Crues du siècle. Inondations sans précédent. Je n’avais vu cela, personnellement, que dans les pays les plus déshérités – Bangladesh, il y a quarante-cinq ans, delta du Gange, Chittagong, humanité perdue, spectacle des derniers jours, apocalypse. Ou, à l’autre bout du spectre et du monde, États-Unis d’Amérique, Floride ou Louisiane, ces ouragans et autres typhons qui portent des noms charmants (Isabel, Ana, Claudette, Kate, Allison, Lili, Lisa ou Erica) et dont la violence non domestiquée (coulées de boue, murailles d’eau s’abattant sur les fronts de mer et les dévastant tous les cinq ans, arbres déracinés, pluies de grenouilles et de lézards, paysages de désolation régulièrement reconstruits et non moins systématiquement redétruits) est comme un énigmatique tribut payé par le pays le plus puissant du monde à ce que l’on persiste à y appeler « Mère Nature ». Voir cela en France est relativement nouveau. Voir le pays de Descartes et de son homme « maître et possesseur de la nature » submergé, lui aussi, par des éléments furieux et qu’il n’a pas senti venir, voir le cœur de cette Europe où l’on pensait en avoir fini, non seulement avec l’Histoire, mais avec la Nature, se laisser prendre à revers et par l’une et par l’autre, c’est un choc.

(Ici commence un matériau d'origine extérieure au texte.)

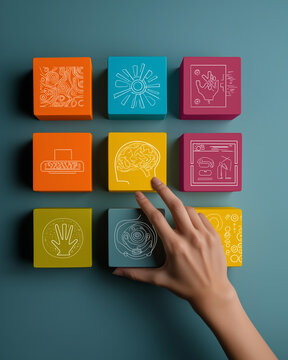 Human-centered design visual with hand arranging skill tiles for emotional intelligence, critical thinking, and collaboration near digital interface
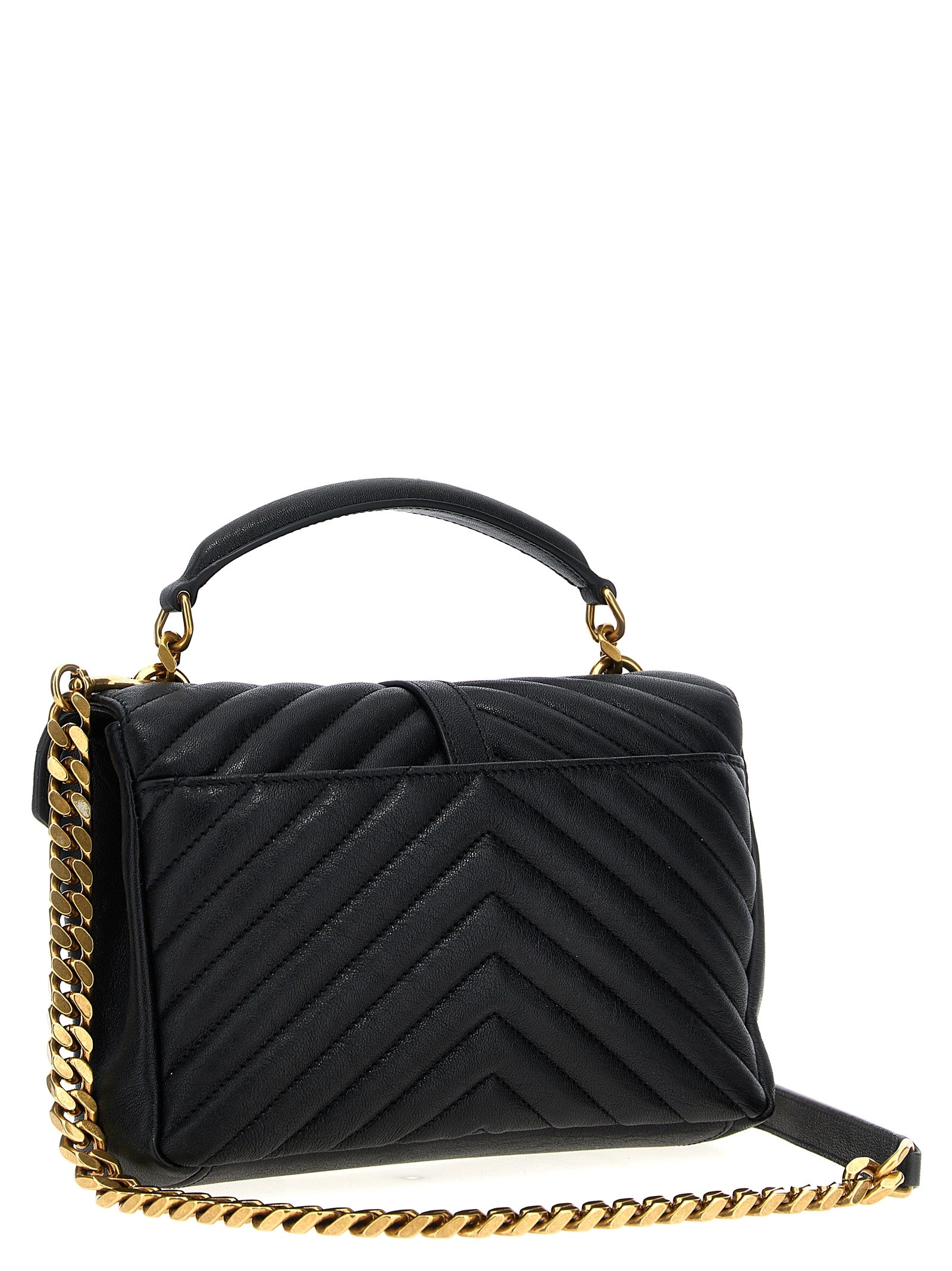 Sac à bandoulière en cuir de veau noir de Saint Laurent, élégant et sophistiqué, avec détails classiques et finition lisse.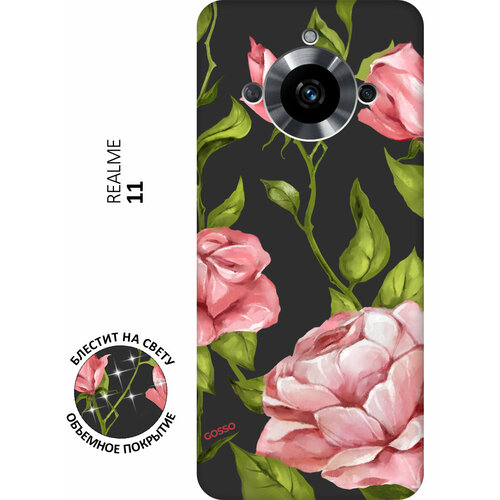 Матовый Soft Touch силиконовый чехол на Realme 11, Рилми 11 с 3D принтом Amazing Roses черный матовый soft touch силиконовый чехол на realme 11 рилми 11 с 3d принтом amazing irises черный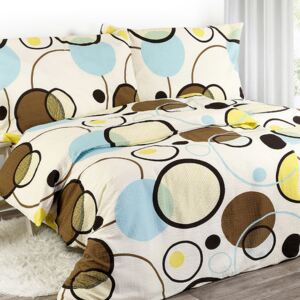Goldea krepové posteľné obliečky - vzor 298 farebné kolesá a kruhy na béžovom 140 x 200 a 70 x 90 cm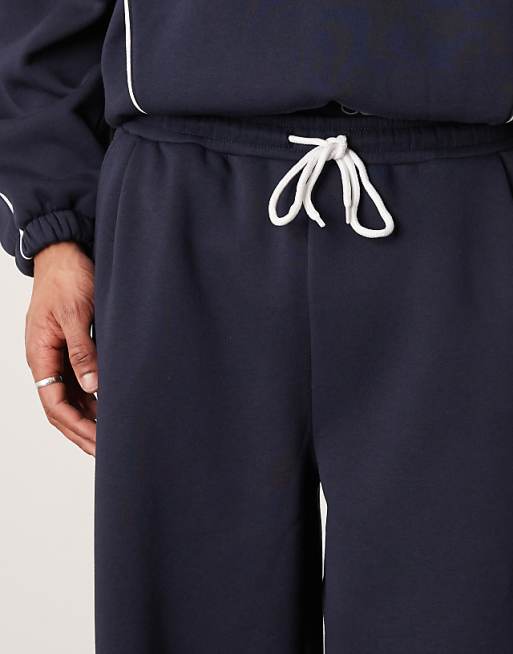 DESIGN Co-ord Super Baggy Jogger With Side Piping In Navy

Avec deux effets induits. La détresse des familles qui ont tout perdu, tout, jusqu’à leur ancrage en ce monde et leur art de l’habiter. Mais aussi l’affolement des médias qui, ne parlant plus que de cela, passant à la trappe les guerres de Syrie et d’Irak, les menaces terroristes, les débats idéologiques et politiques du moment, les grèves, bref, montant à l’Euro comme on monte à l’échafaud et sur fond de fin du monde climatique, semblent donner raison à l’humoriste qui disait que, s’il n’y avait pas la météo, 95 % des gens n’auraient décidément rien à se dire.